┏━━
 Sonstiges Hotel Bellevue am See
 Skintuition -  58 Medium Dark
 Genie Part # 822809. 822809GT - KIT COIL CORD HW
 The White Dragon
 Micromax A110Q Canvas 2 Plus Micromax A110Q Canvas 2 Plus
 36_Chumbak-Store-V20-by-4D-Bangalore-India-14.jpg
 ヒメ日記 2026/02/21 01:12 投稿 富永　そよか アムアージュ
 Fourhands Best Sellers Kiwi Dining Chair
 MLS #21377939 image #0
┗━━
# Exercise prompt
Output exactly, and only, the lines running from the one that contains "The White Dragon" through the last line of the entries above.

# Response area
 The White Dragon
 Micromax A110Q Canvas 2 Plus Micromax A110Q Canvas 2 Plus
 36_Chumbak-Store-V20-by-4D-Bangalore-India-14.jpg
 ヒメ日記 2026/02/21 01:12 投稿 富永　そよか アムアージュ
 Fourhands Best Sellers Kiwi Dining Chair
 MLS #21377939 image #0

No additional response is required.